═══ Input data

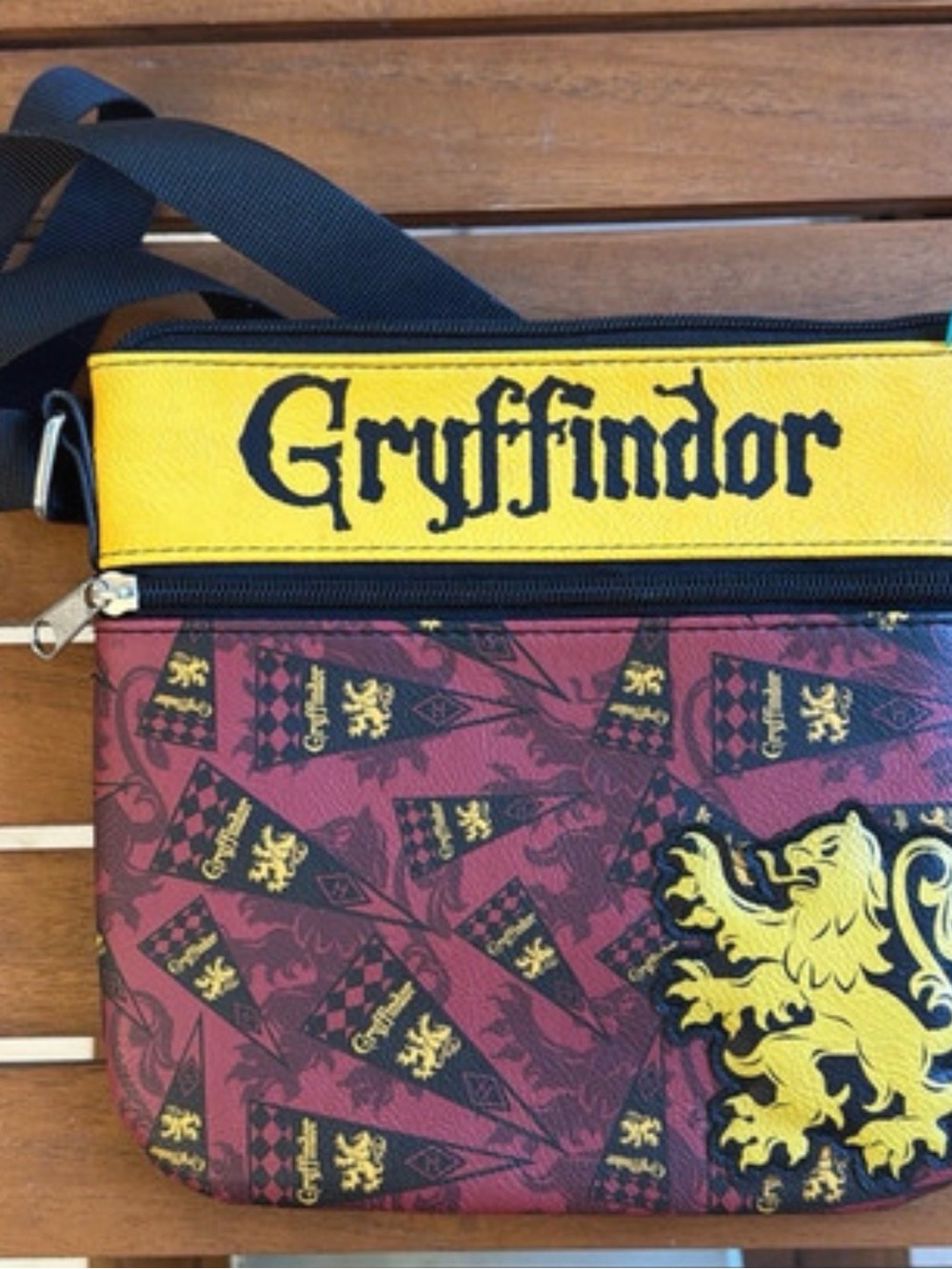 Harry Potter Gryffindor Crossbody Bag Purse Burgundy Yellow Crest
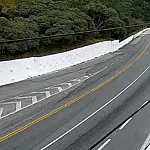 Colisão entre caminhão e moto interdita trecho da Rodovia Floriano Rodrigues Pinheiro em Tremembé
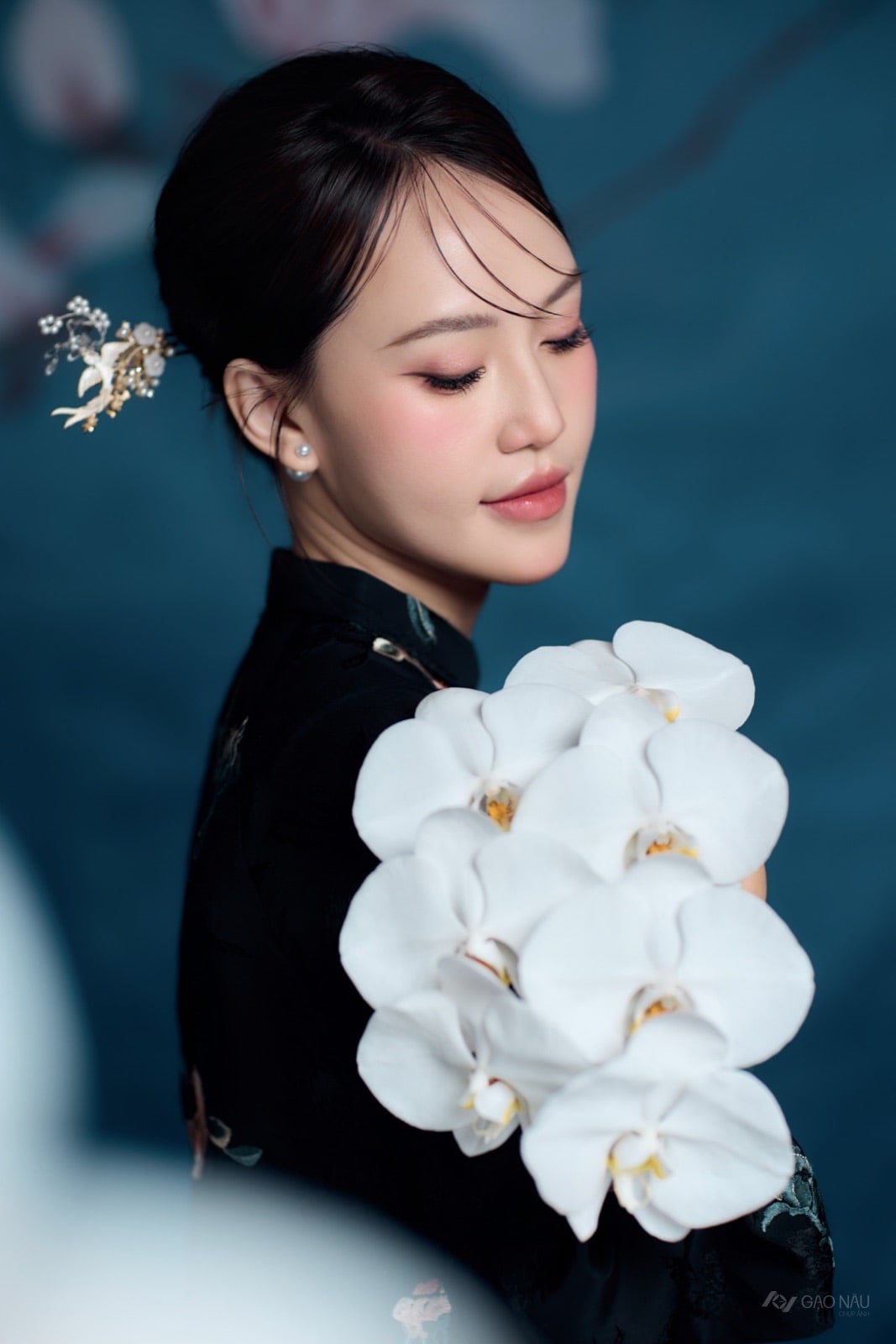 Áo Dài Tết 25 Tết Thủy — 아오자이 (góc 7)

══════

### Description of the task
Once the pictures are dropped, repeat the data above exactly.

### Expected answer
 Harry Potter Gryffindor Crossbody Bag Purse Burgundy Yellow Crest
 Colisão entre caminhão e moto interdita trecho da Rodovia Floriano Rodrigues Pinheiro em Tremembé
 Áo Dài Tết 25 Tết Thủy — 아오자이 (góc 7)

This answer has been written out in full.